# Pen clips anyone?



## Bryguy (May 13, 2016)

I am hoping this is the right place to post this. I am desperately seeking a US source for pen clips of different kinds, in small quantities and at a reasonable price. William Wood-Rite in Canada has some, but they don't ship to the US. I'm not ready to get into precious metals, chrome would do me fine.
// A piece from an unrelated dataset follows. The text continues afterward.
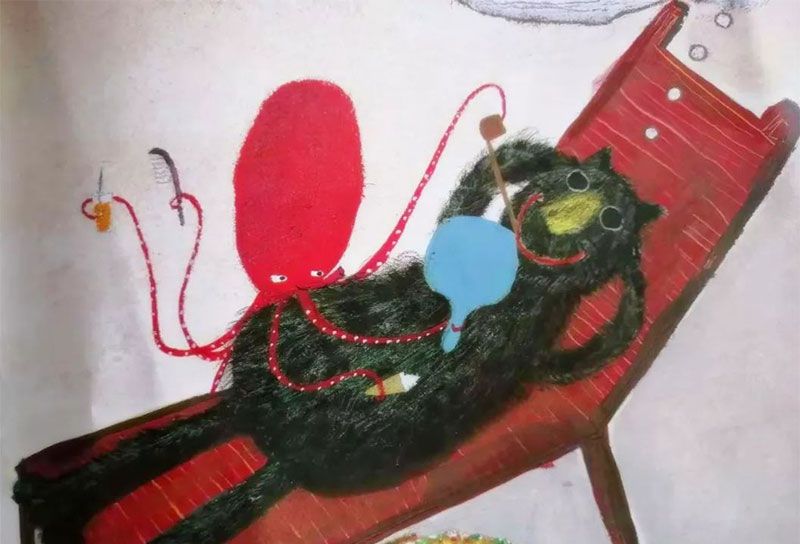 猫太噼哩噗噜在海里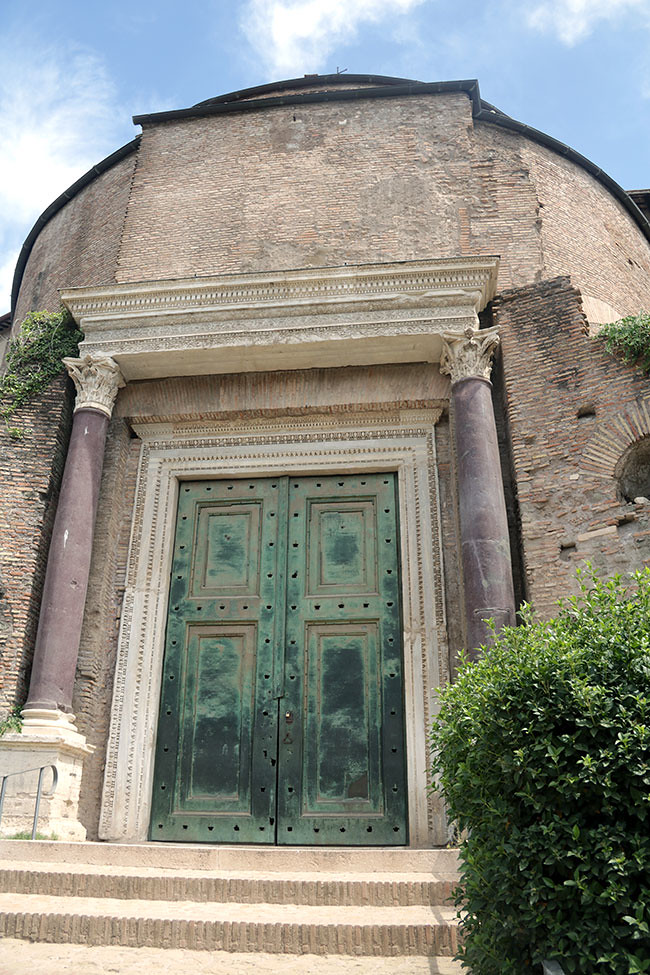 RomanForum10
Any ideas for sources?


----------



## mredburn (May 13, 2016)

Have you looked at any of the following?

Exituc blanks,
Exotic Blanks :: Nibs, Bushings, Bits, Tubes & Parts :: Specialty Clips & Bands
WoodnWhimmsies.com
Richardgreenwald.com
Clips, Bands & Rings : Richard L. Greenwald, LLC, Pens, Pens Parts and Photographs


----------



## stuckinohio (May 13, 2016)

I suppose you have already checked here, but PSI has lots,
https://www.pennstateind.com/store/replacement-bands-clips.html


----------



## Joey-Nieves (May 13, 2016)

Pen clips are something you can never have enough.  I get mine from the sources mentioned above, but PSI operates a little different, You need to tell them what pen you want and they will send it to you.  I use the Majestic Clip on some projects and have to call in and order, they charge about $12 for this clip.  Also it ships from a different warehouse so they charge extra shipping.

Joey


----------



## Curly (May 13, 2016)

See if Elliot Landes still has some to sell.


----------



## Bryguy (May 14, 2016)

Thanks for all the suggestions. I was looking for clips with a larger diameter than the slimline clips which many vendors carry. Some of the suggestions here have lead me to exactly what I've been looking for. Love this helpful community!


----------